For 8086 it is possible to override the segment of the source index SI in order to use ES instead of DS. In a book (the old Scanlon) I found:
LEA SI,ES:HERE
LEA DI,ES:THERE
MOVSB
As LEA retrieves just the OFFSET of a memory address (16 bits for the 8086), how MOVSB knows that SI refers to the ES segment and not the DS segment? Is LEA changing the default segment for SI? I have not read anything about that in the many pages and manuals I found.
CodePudding user response:
That code looks wrong. Without a segment override prefix, movsb will use DS:SI and ES:DI always. Unless you have to worry about errata of ancient processors you can make this code work by giving a segment override prefix to movsb. es:MOVSB will tell it to use ES:SI rather than DS:SI. movsb always copies to ES:DI; no segment override prefix will change it.
The code could actually be right if DS is guaranteed to equal ES at this location. The old assemblers had their own ides of things and sometimes funny segment overrides had to be used to keep the assembler happy.

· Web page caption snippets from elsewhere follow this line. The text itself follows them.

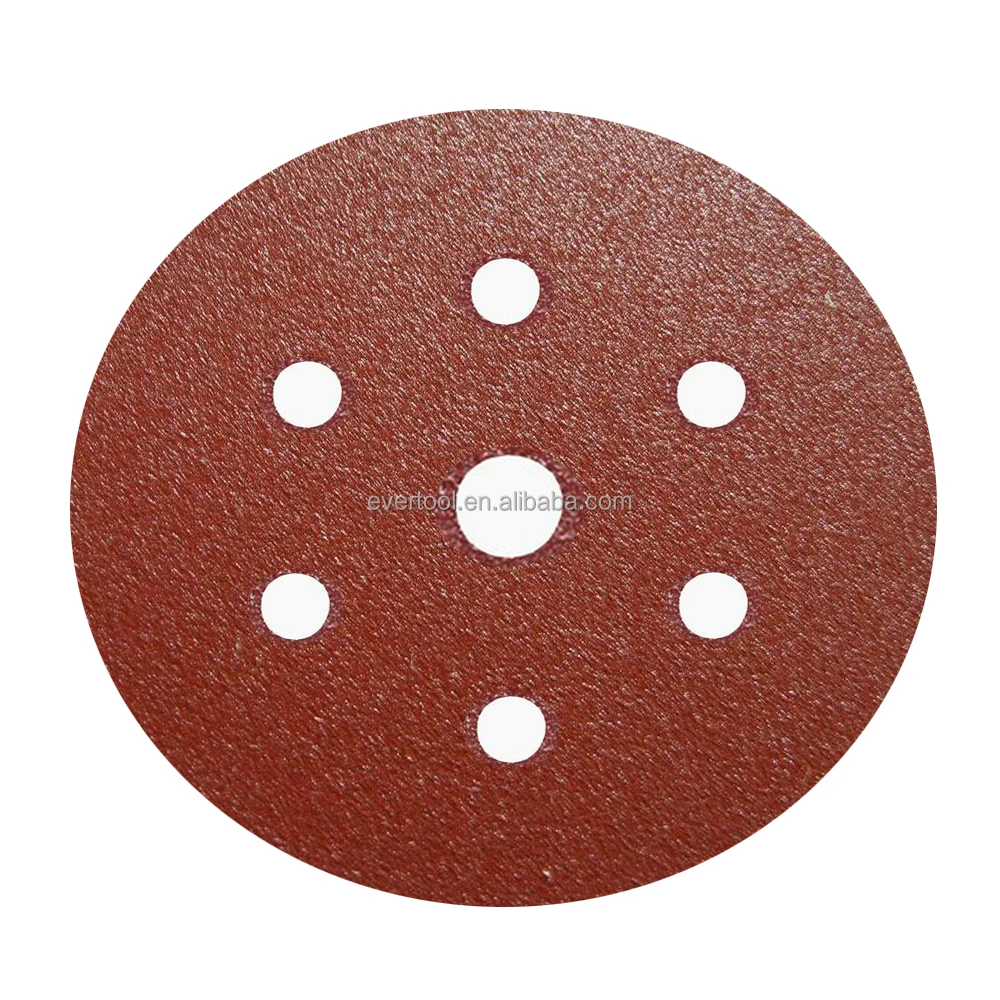 EVERTOOL Abrasive Tool Aluminum Oxide Sanding Paper Self Adhesive Sanding Discs 125mm
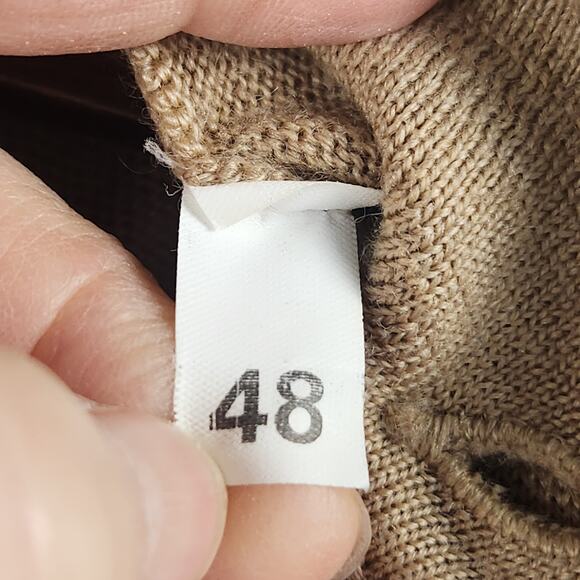 Gran Sasso Made in Italy Wool/Silk/Cashmere Luxury Knit Polo Sweater Men SZ M/L - Picture 4 of 16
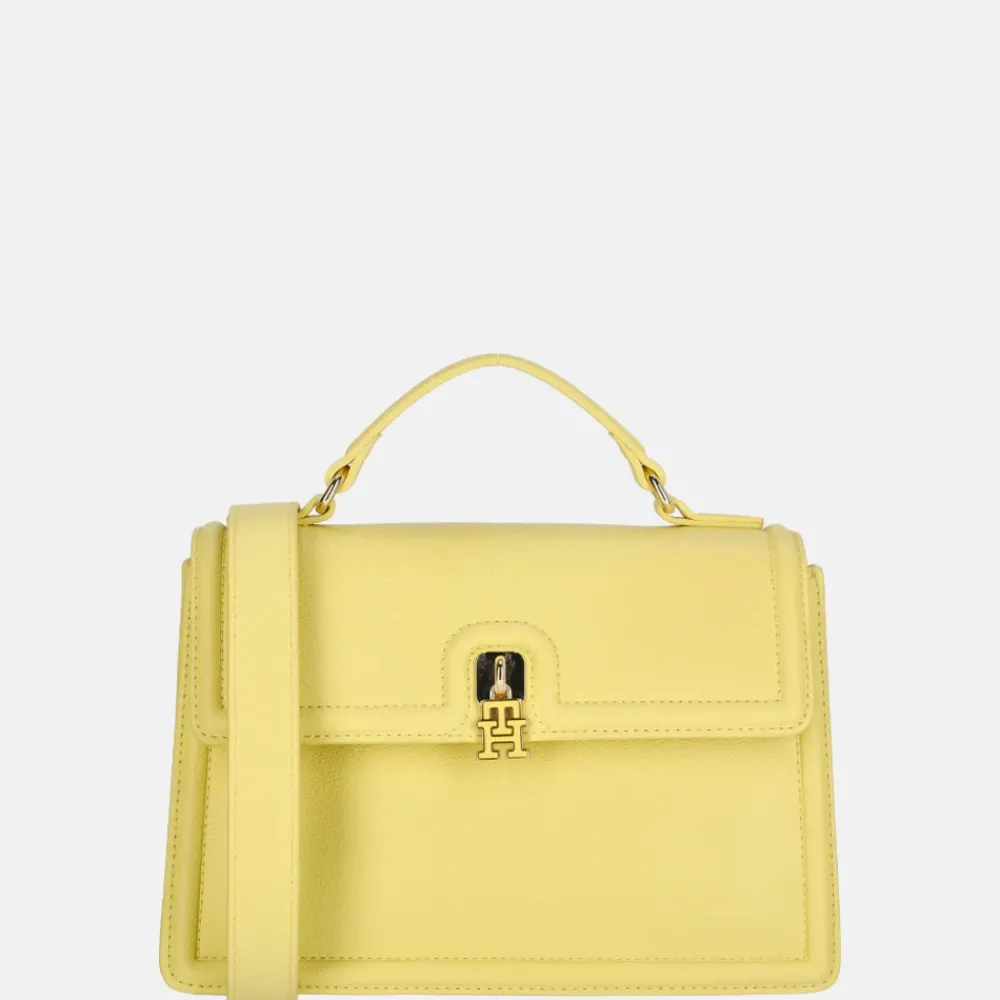 Handtassen^Tommy Hilfiger Eternity mini satchel handtas yellow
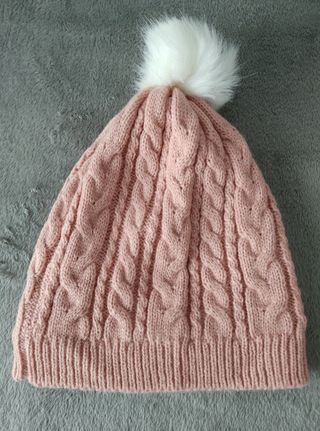 Gorro rosa niña 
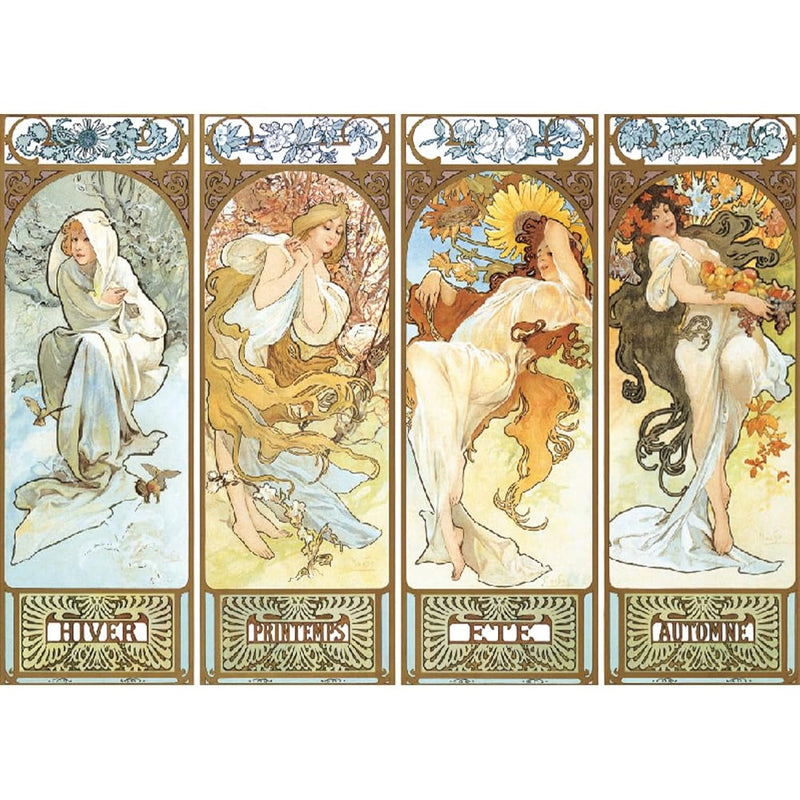 Jigsaw Puzzles 1000 Pieces For Adults The Four Seasons By Alphonse Maria Mucha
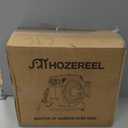 110 FT Retractable Garden Hose Reel by HOZEREEL, Outdoor Garden Hose Reels 1/2" - Automatic Self Retract Wall Mount Hose Reel Enclosed Storage, Any Length Lock, 10 Pattern Nozzle-Grey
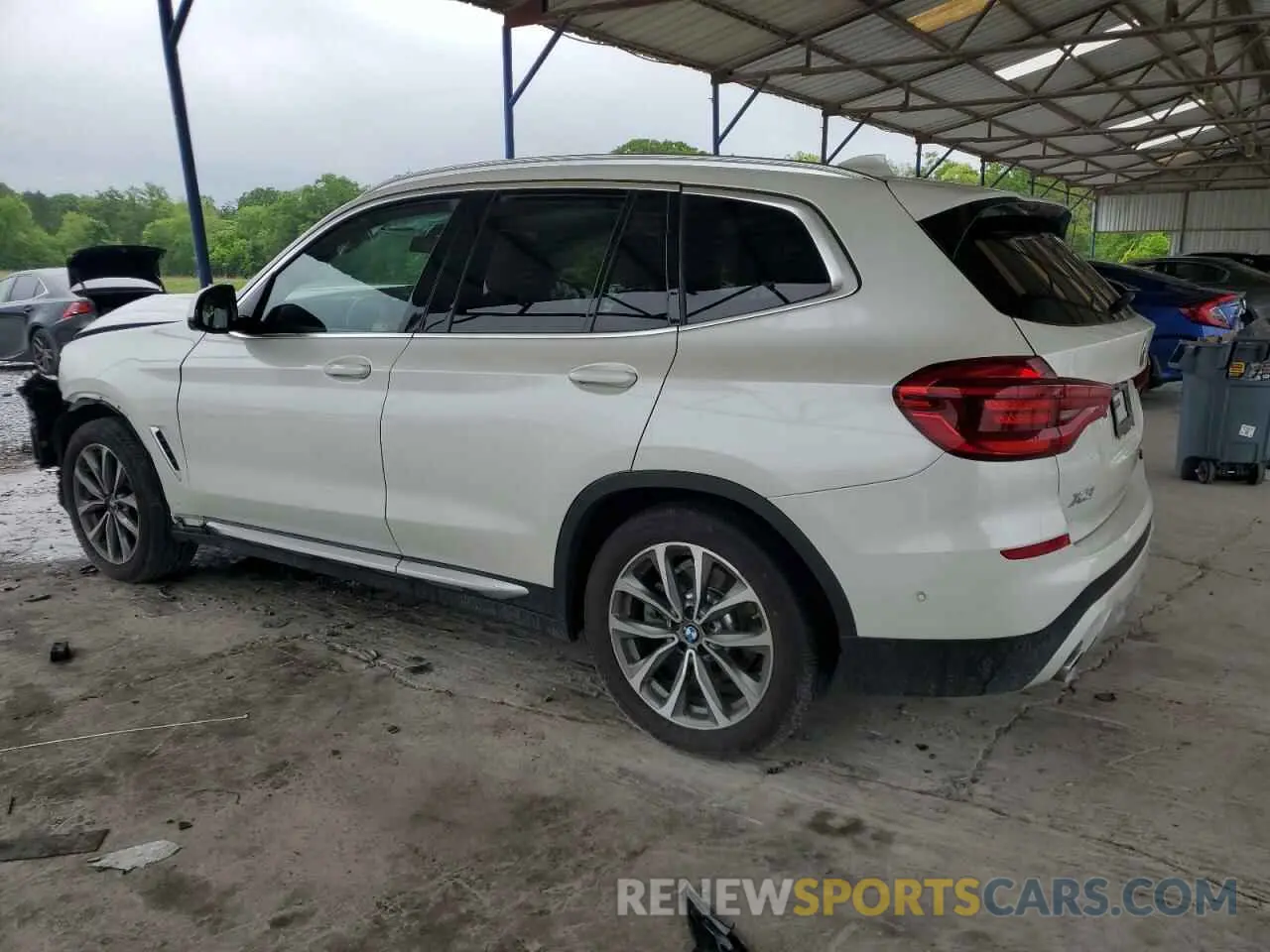 2 Photograph of a damaged car 5UXTR9C55KLP95609 BMW X3 2019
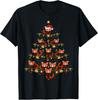 Panda Animal Xmas Tree Santa Hat Red Panda Christmas T-Shirt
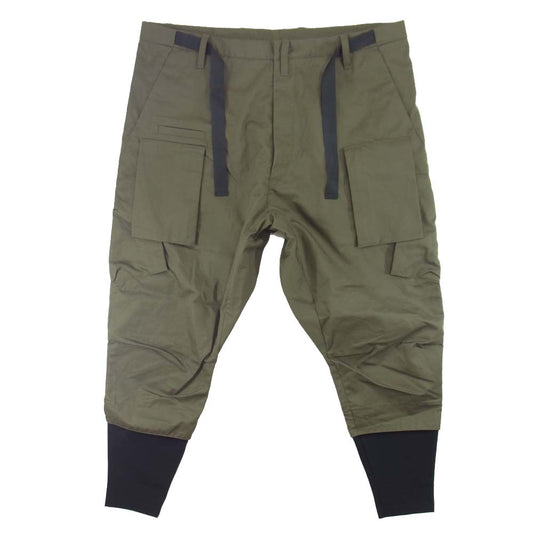 アクロニウム 18AW P23A-S 国内正規品 HD COTTON CARGO DRAWCORD TROUSER カーゴ トラウザー パンツ カーキ系 S【美品】【中古】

CodePudding user response:
I have installed a MASM6.11 in a DOSBOX and did some experiments. Here is the memory map pf the data segments:
0000 dseg segment para public 'data'
0000 41 42 43 44 src db 'ABCD'
0004 dseg ends
0000 eseg segment para public 'data'
0000 5A 5A 5A 5A dummy db 'ZZZZ'
0004 31 32 33 34 dst db '1234'
0008 eseg ends
0000 cseg segment para public 'code'
assume cs:cseg, ds:dseg, es:eseg
The results are that the code:
LEA SI,ES:HERE
LEA DI,ES:THERE
MOVSB
is wrong: the segments are not considered at all, it copies from DS to ES in any case (OP-CODE is A4):
8D 36 0000 R
8D 3E 0004 R
A4
In order to achieve a copy from ES to ES you write:
LEA SI,ES:HERE
LEA DI,ES:THERE
MOVS ES:THERE, ES:HERE
which translates to:
8D 36 0000 R
8D 3E 0004 R
26: A4
Syntaxes ES MOVSB and ES:MOVSB I read in the answers do not work with MASM 6.11 (but they actually corresponds to what it is translated to: 26 is the code for ES).